DATA START
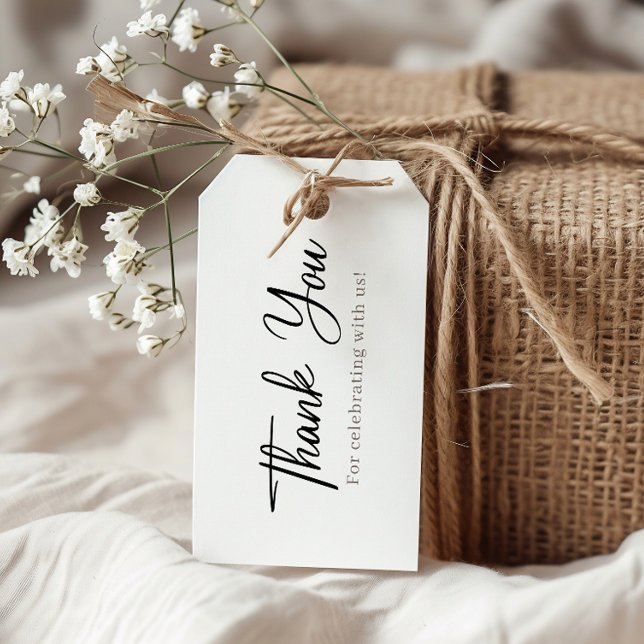 Einfaches Dankeschön für Hochzeit Geschenkanhänger (Thank your guests with a simple, elegant wedding thank-you tag—a perfect touch of gratitude & charm!)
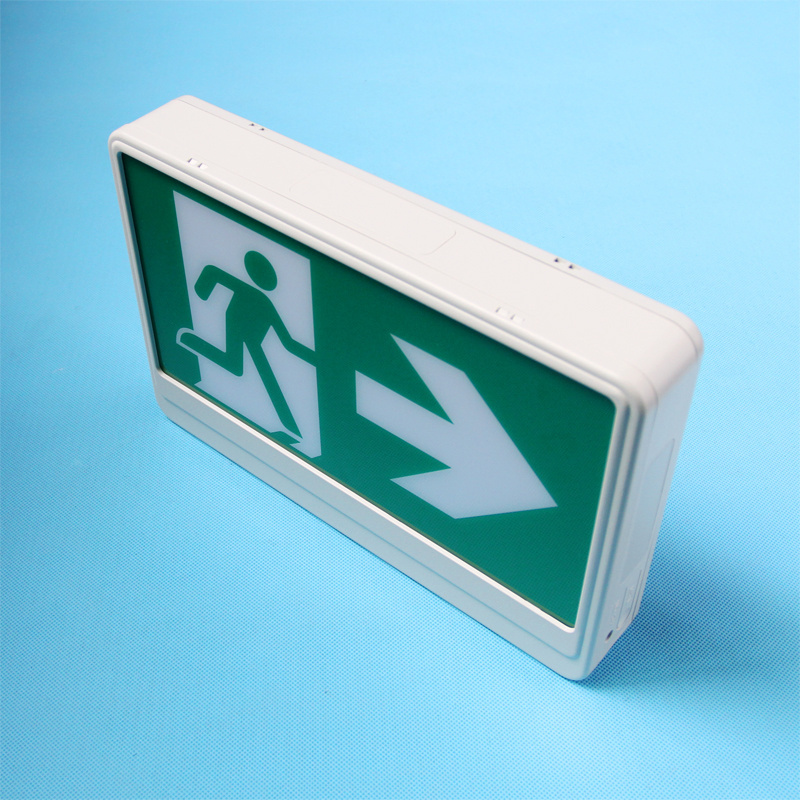 Factory Direct Sales Fire Battery Backup Rechargeable Led Emergency Light Exit Signs For Hotel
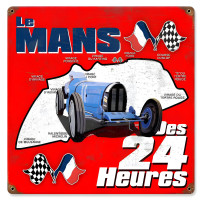 Le Mans Metal Sign - 12" x 12"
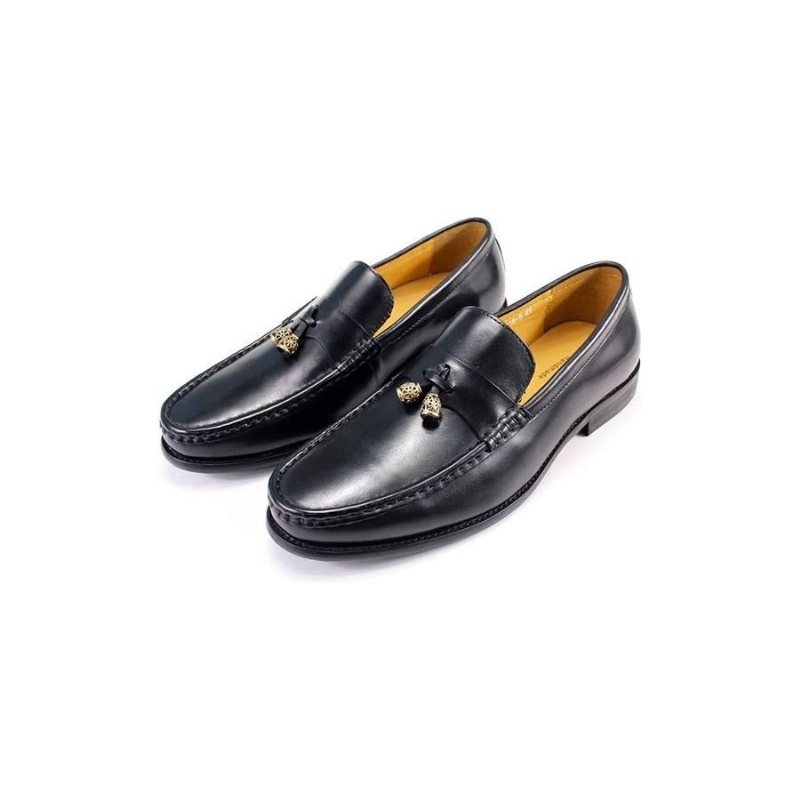 Ανδρικά Loafers Brogue Slip Ons - Μαύρο 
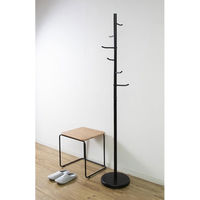 宮武製作所 コートハンガー ブラック MAD-PL03 BK 1台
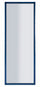 Specchio da Muro Berlino Blu 55x2x150 cm in MDF e Vetro e Specchio Blu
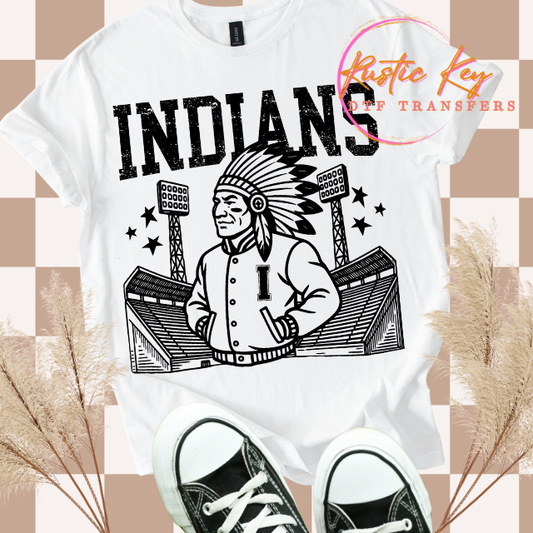 Indians mascot DTF TRANSFER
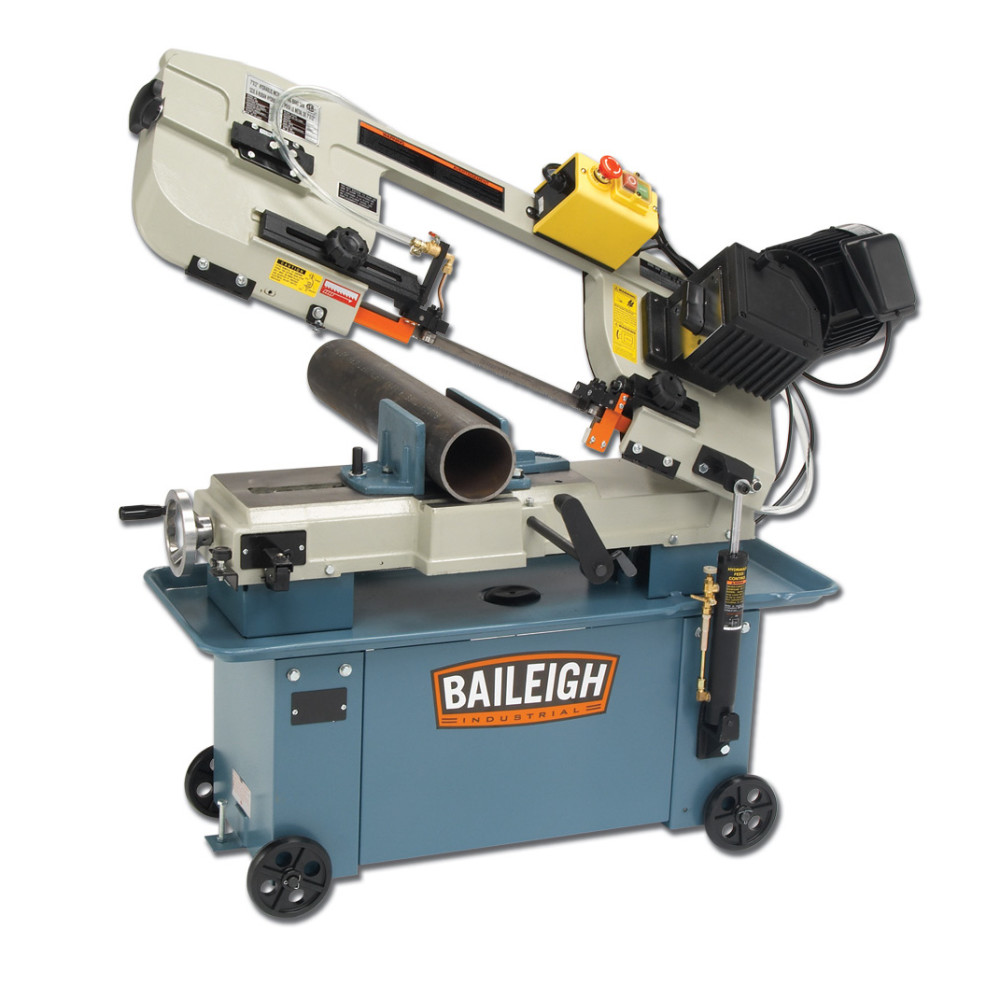 Baileigh BS-712M Band Saw Metal Cutting Manual Vise 120V 1 Phase - Intensery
DATA END
**DIRECTIONS:**
Would you reproduce the lines above exactly, without carrying over the pictures?

**RESPONSE TO THIS TASK:**
 Einfaches Dankeschön für Hochzeit Geschenkanhänger (Thank your guests with a simple, elegant wedding thank-you tag—a perfect touch of gratitude & charm!)
 Factory Direct Sales Fire Battery Backup Rechargeable Led Emergency Light Exit Signs For Hotel
 Le Mans Metal Sign - 12" x 12"
 Ανδρικά Loafers Brogue Slip Ons - Μαύρο 
 宮武製作所 コートハンガー ブラック MAD-PL03 BK 1台
 Specchio da Muro Berlino Blu 55x2x150 cm in MDF e Vetro e Specchio Blu
 Indians mascot DTF TRANSFER
 Baileigh BS-712M Band Saw Metal Cutting Manual Vise 120V 1 Phase - Intensery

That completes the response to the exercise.